Fear and truth: Find out what makes actress Elisabeth Steen-Nokleberg tick

photo by @freshlookphotos

Elisabeth Steen-Nokleberg has creativity in her DNA. Her father was knighted by the king of Norway for his contributions to classical music, and she spent the bulk of her childhood living in her imagination and writing books for friends. As Steen-Nokleberg got older, she channeled these passions into other arenas and relocated to Los Angeles to pursue filmmaking & acting.

Heart of the Home is the culmination of these talents. Steen-Nokleberg drew upon her real-life experiences when making this horror flick, which she co-wrote, acted in, and produced. The movie has generated lots of buzz from genre fans and will premiere January 12 on iTunes before hitting other platforms. You can pre-order the film on iTunes by clicking here.

Film Daily was lucky enough to talk with Elisabeth Steen-Nokleberg about Heart of the Home, her creative process, and her desire to challenge herself with each new project. Here’s what she had to say:

Tell us about your history in acting. How did you start your journey?

My acting journey started as a young girl, as far back as I can recall. Daily I would spend hours in my imaginary world. I would imagine till I produced real emotions, I would create what if scenarios, I changed personalities, I was hyper sensitive and dramatic and performed for myself and my siblings just to mention a few things. 

I also wrote books for my friends as a hobby. At 12 I did two commercials  in Oslo and school plays in high school. I wanted to study acting but I was restless and wanted to explore the world and life more.
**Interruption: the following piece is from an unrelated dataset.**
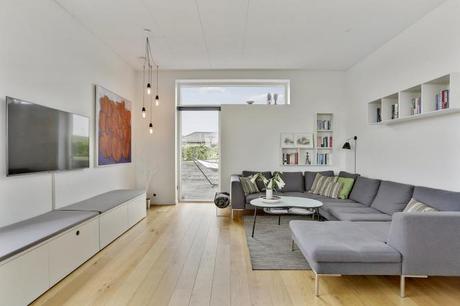 Toque de color en una cocina blanca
In the US, I had to learn English properly first and did my bachelor degree in college. 

After doing a music video I decided to try a class and that was it. It was my homecoming and awakening to who I was and what I was meant to do.

You studied acting for a decade in New York. How does this educational background inform your acting style?

I studied in both New York for a decade and in Los Angeles several years. My NYC training is my foundation and it is strong. NYC is a theater city so the training is aimed for the stage. If you can do stage you can do film, but not necessarily the other way around. I was blessed to have done lots of period pieces and classical plays. 

I loved playing Twelfth Night, Tartuffe, and Cherry Orchard to mention a few. Despite never having gone the theater route professionally I believe my educational background is my strength and will shine through in modern light roles as well. LA has fantastic schools as well btw.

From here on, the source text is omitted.